Thursday, September 20, 2012

Writing for fun and profit

About 2 months ago, we stopped taking the local paper, the Durham Herald.  This was actually a big decision for me and my husband, since we had been regular subscribers for 30 years.  So, we ignored the last bill.  After delivering the paper for a couple of weeks past our "subscription renew" date, one morning the front walk was empty.  About a week later, we got a bill for $12 for those last weeks of unpaid delivery.  Then, today, we got a letter with an offer to resubscribe at a new, improved rate, plus a questionnaire asking why we had let our subscription lapse.

Hallelujah, a chance at last to articulate what has been making me crazy for the past few years. 

I understand that newspapers, especially and specifically local ones, have really suffered with the change to electronic media.  They've been swallowed up by large corporations.  They've lost the local staff, folks who actually knew something about the city and the region.  They've lost advertising because of the economic downturn and because they can no longer brag about their wonderful subscriber base.  There's a generation of people to whom an actual daily newspaper is fast becoming a quaint relic of "olden times", right up there with paying bills by writing a check and sending it through the US Mail.  With a stamp.

Fighting these tentacles of change is, I'm certain, really hard, really disheartening, and probably destined to not turn out well.  But gosh, if I were in the newspaper business, I would die trying to save my honorable profession.  I'd use every trick I could possibly conjure to lure new subscribers and keep old ones happy.  I'd have a live person answering the telephone, and not one of those heinous computerized "press 1, press 2" option trees.  I'd make sure the folks delivering my papers to customers got an education in little things like actually putting the paper within reach of the front door, and making sure it was properly protected from the elements.  I'd give subscribers perks that were not available to others.  I'd do everything I could to make a subscription seem attractive, affordable, and absolutely essential in order to get one's fingers on Durham's pulse.

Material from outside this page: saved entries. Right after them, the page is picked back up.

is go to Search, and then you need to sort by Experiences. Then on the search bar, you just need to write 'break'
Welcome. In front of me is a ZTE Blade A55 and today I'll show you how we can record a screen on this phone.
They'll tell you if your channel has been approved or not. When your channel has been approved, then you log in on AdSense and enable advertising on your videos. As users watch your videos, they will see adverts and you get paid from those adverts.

But most of all, I'd respect my customers--who are, after all, READERS--by making sure my newspaper was the best edited daily record I could possibly produce.  And oh, how the Durham Herald has woefully, miserably failed in that respect.  I can forgive a lot of things but not poor writing.  Over the last year, breakfast with the Herald has become a sport for my husband and me.  We each used to take a section of the paper and use a red Sharpie to circle grammatical errors, misspellings, or just plain big old mistakes.  (Whoever identified the fewest mistakes was the one who had to get up and refill both coffee cups.)  Not one day ever went by when the marker was not wielded. 

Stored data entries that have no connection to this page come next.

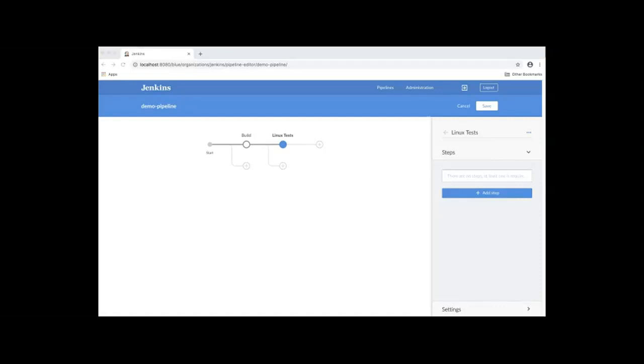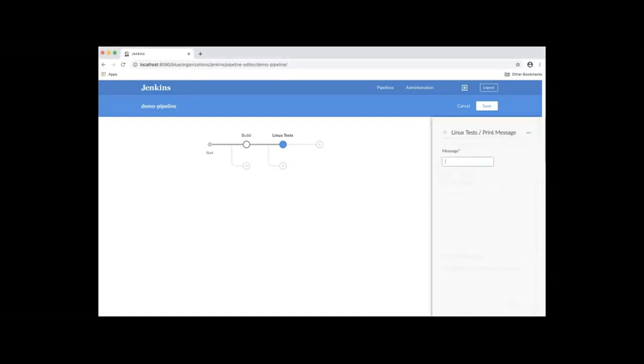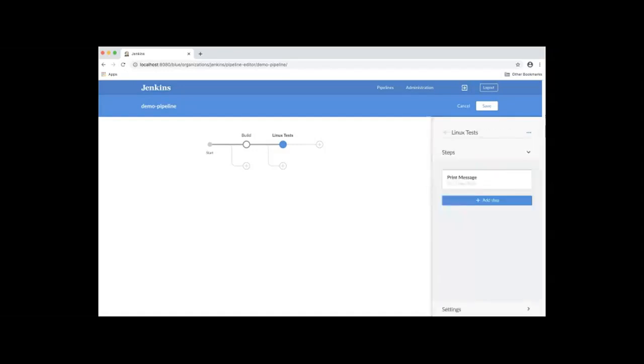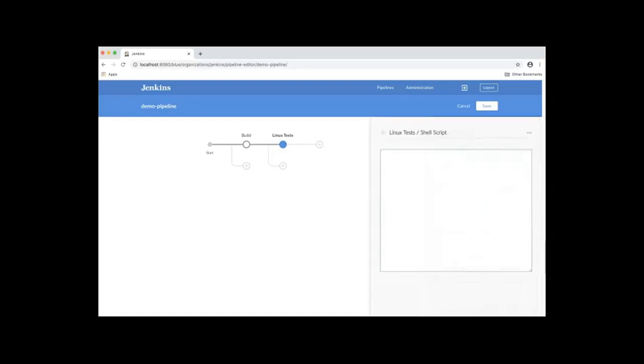We'll add two steps. To add step, click Add Step. The first one is going to be print message. This will print run Linux tests. The next step we're going to add is a shell script. For its configuration, we'll specify. Let's go back.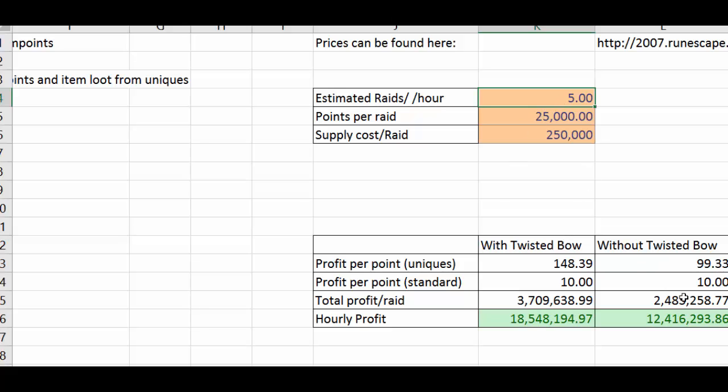I'd say going for the without twisted bow estimate is probably better because you are very unlikely to get a twisted bow reward from raids.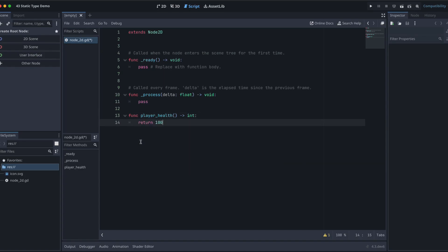So what we've got there is our ready function and our process function, we do not want anything returned. So we are letting the system know. But for our player health function, we are looking for an integer and an integer only.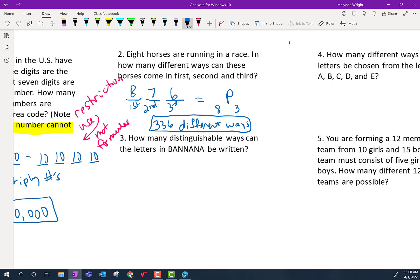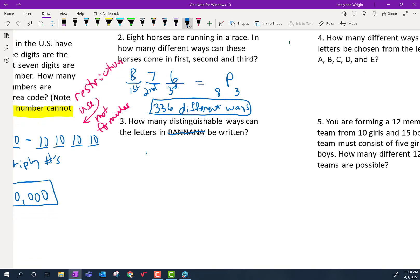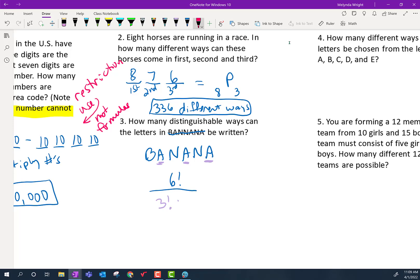Number three — I spelled banana wrong, sorry about that. The correct spelling is B-A-N-A-N-A. This is the distinguishable arrangements problem where we have letter tiles and want to put them in all different orders — that's the one with the fraction. We count six letters total, so six factorial over the duplicates: we've got three A's, so three factorial, times two N's, so times two factorial. We put that in our calculator and it tells us there are 60 different ways we could arrange those letters.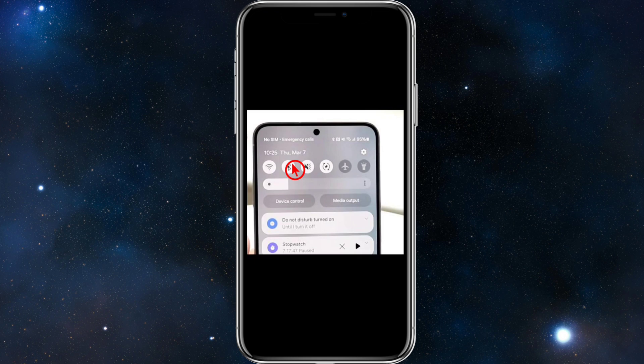One of the most common fixes is that your SIM card is not properly inserted. What you need to do is power off your phone, remove the SIM card, clean it gently, and then reinsert it carefully.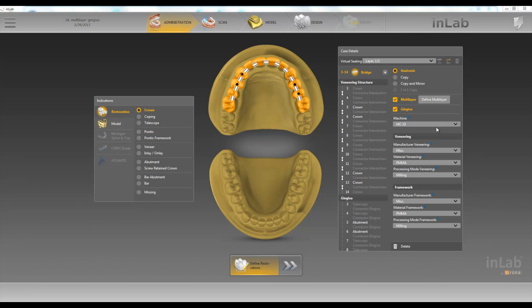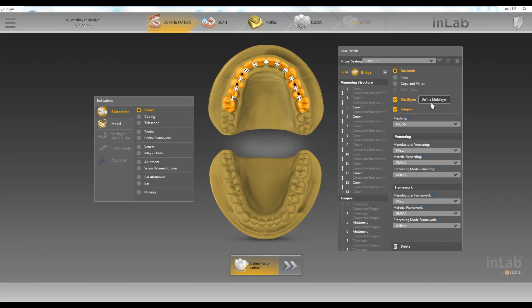So here we have a screw retain bridge. Let's say we want the bottom to be one material and the top to be another. So you just choose multi-layer and gingiva. You let it know what you want your veneering structure to be on the top and what you want your framework to be out of.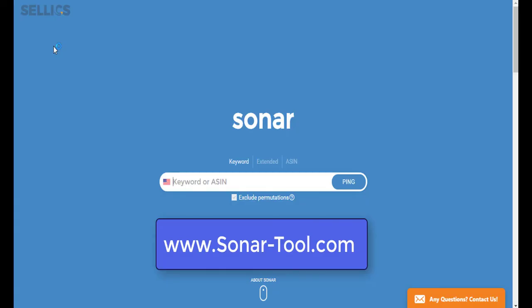So there you have it. This is a complete guide on how to use Celex Sonar tool to find the best keywords to optimize your products on Amazon. Thank you so much for watching, and happy selling.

My all-time least favorite trick, though was the "Disappearing Article".  These were articles which were purchased from the wire services and reprinted in the Herald.  I have no problem with this as a concept; it keeps reporters, somewhere, writing, and it affords local readers information on national and international affairs that would be otherwise unavailable to them if they had to depend on the resources of the local press.  Almost every day, though, I used to find a good article about, say, the war in Afghanistan, or some explanation of one of the finer points of economics, I would get all settled in, and the article would JUST STOP.  As in, the editors just printed what they had room for, and to hell with the rest of the article.  Often I would end up going to the computer and looking up the article on the Associated Press website, just so I could read the rest of it.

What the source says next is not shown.